==== PROVIDED INFORMATION ====

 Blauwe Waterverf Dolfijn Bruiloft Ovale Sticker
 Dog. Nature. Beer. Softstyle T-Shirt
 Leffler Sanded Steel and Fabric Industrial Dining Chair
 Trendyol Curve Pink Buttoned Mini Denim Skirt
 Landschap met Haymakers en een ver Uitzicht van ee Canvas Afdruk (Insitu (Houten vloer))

====
==== PROVIDED INFORMATION ====

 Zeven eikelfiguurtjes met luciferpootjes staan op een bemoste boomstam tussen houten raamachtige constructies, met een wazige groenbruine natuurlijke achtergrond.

====
==== PROVIDED INFORMATION ====

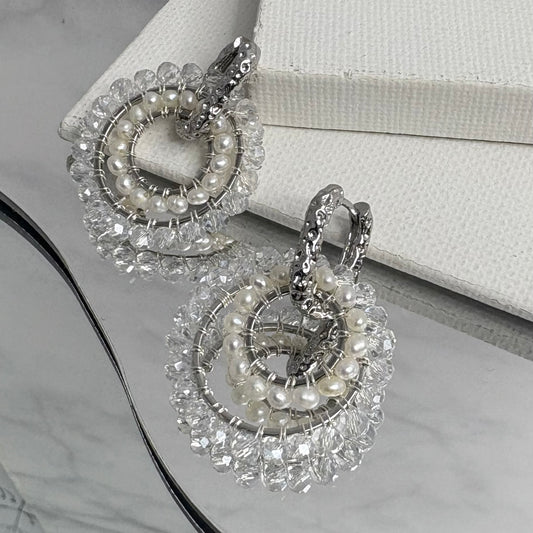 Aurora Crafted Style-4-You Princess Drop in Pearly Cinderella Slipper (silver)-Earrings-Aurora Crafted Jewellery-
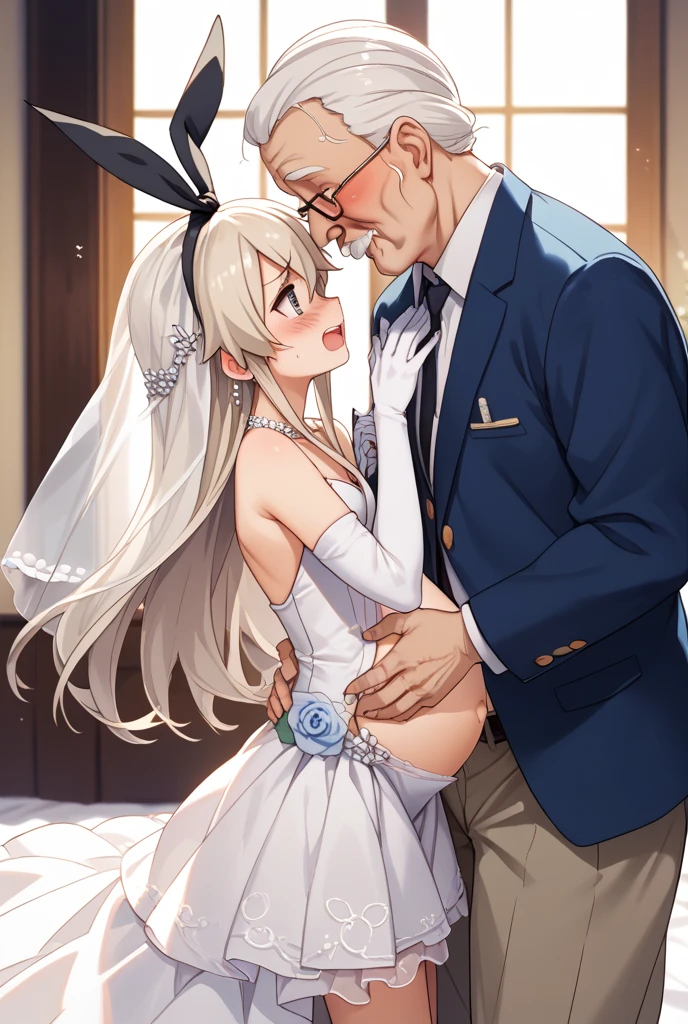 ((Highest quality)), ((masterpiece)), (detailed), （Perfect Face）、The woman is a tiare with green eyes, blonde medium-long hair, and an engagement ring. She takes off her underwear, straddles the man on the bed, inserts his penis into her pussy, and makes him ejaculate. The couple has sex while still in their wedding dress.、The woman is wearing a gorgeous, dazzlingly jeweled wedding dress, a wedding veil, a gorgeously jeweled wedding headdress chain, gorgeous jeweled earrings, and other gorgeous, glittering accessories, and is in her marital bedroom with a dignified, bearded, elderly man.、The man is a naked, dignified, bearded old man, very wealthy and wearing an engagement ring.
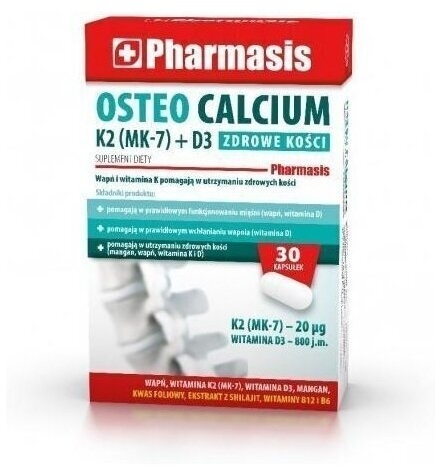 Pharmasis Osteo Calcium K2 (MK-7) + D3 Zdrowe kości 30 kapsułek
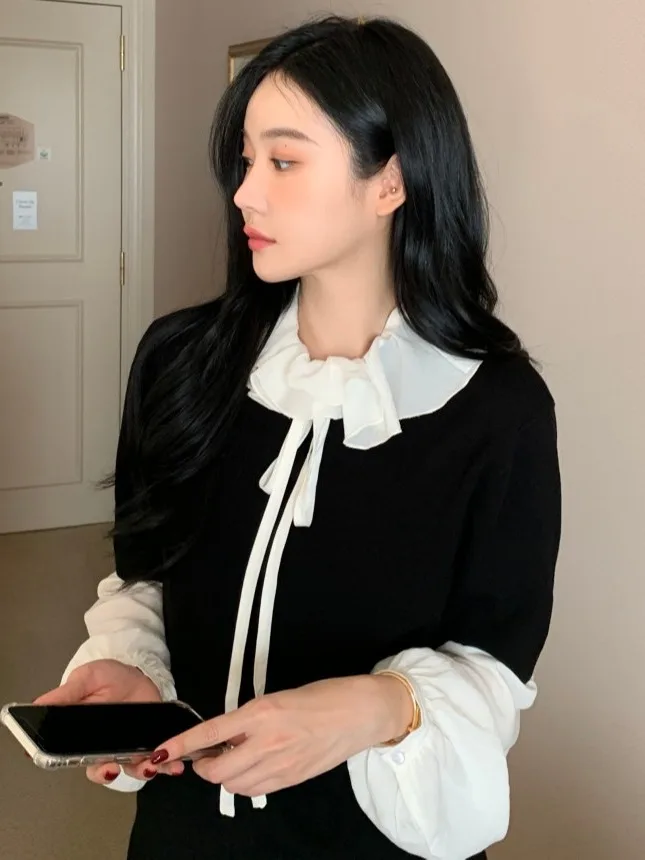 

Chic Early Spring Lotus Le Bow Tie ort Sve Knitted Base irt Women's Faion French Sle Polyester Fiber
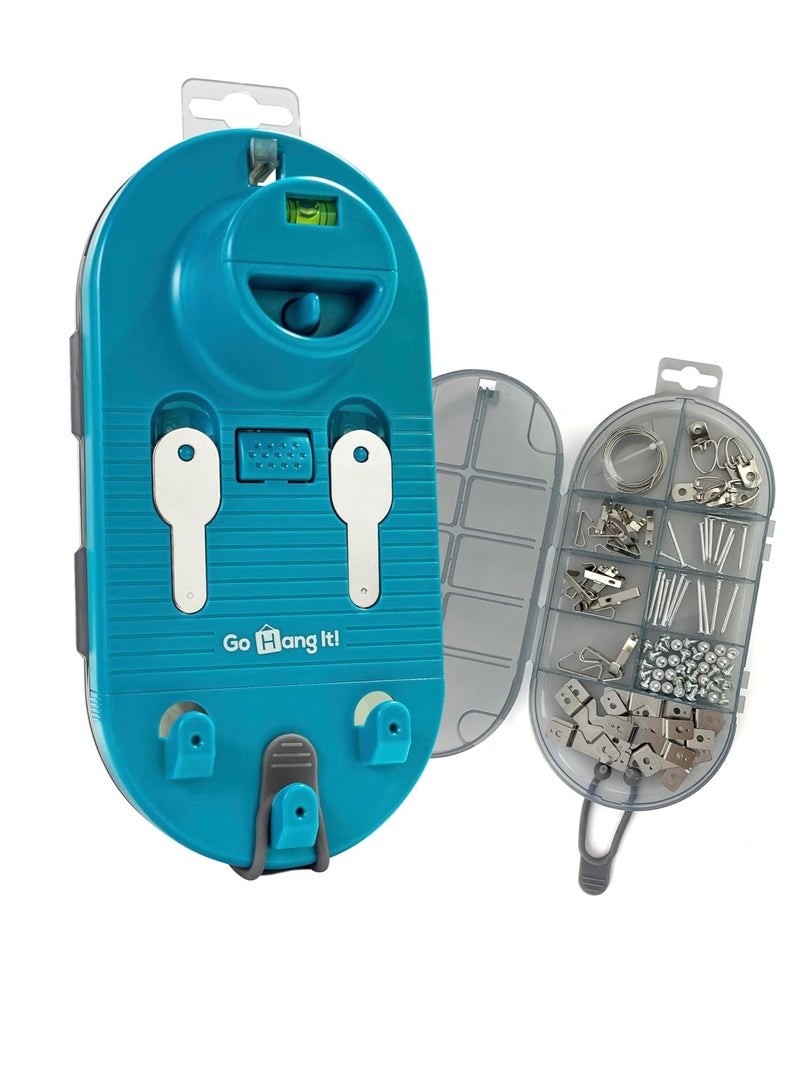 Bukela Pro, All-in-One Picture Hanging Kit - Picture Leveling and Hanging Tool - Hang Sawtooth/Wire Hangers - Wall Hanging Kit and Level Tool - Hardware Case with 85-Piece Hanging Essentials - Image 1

====

> WHAT IS BEING ASKED: Out of the records above, please copy exactly the lines from the line with "Pharmasis Osteo Calcium" up to and including the line with "Bukela Pro, All-in-One", minus the pictures.

> SOLUTION TO THE PROBLEM:
 Pharmasis Osteo Calcium K2 (MK-7) + D3 Zdrowe kości 30 kapsułek

Chic Early Spring Lotus Le Bow Tie ort Sve Knitted Base irt Women's Faion French Sle Polyester Fiber
 Bukela Pro, All-in-One Picture Hanging Kit - Picture Leveling and Hanging Tool - Hang Sawtooth/Wire Hangers - Wall Hanging Kit and Level Tool - Hardware Case with 85-Piece Hanging Essentials - Image 1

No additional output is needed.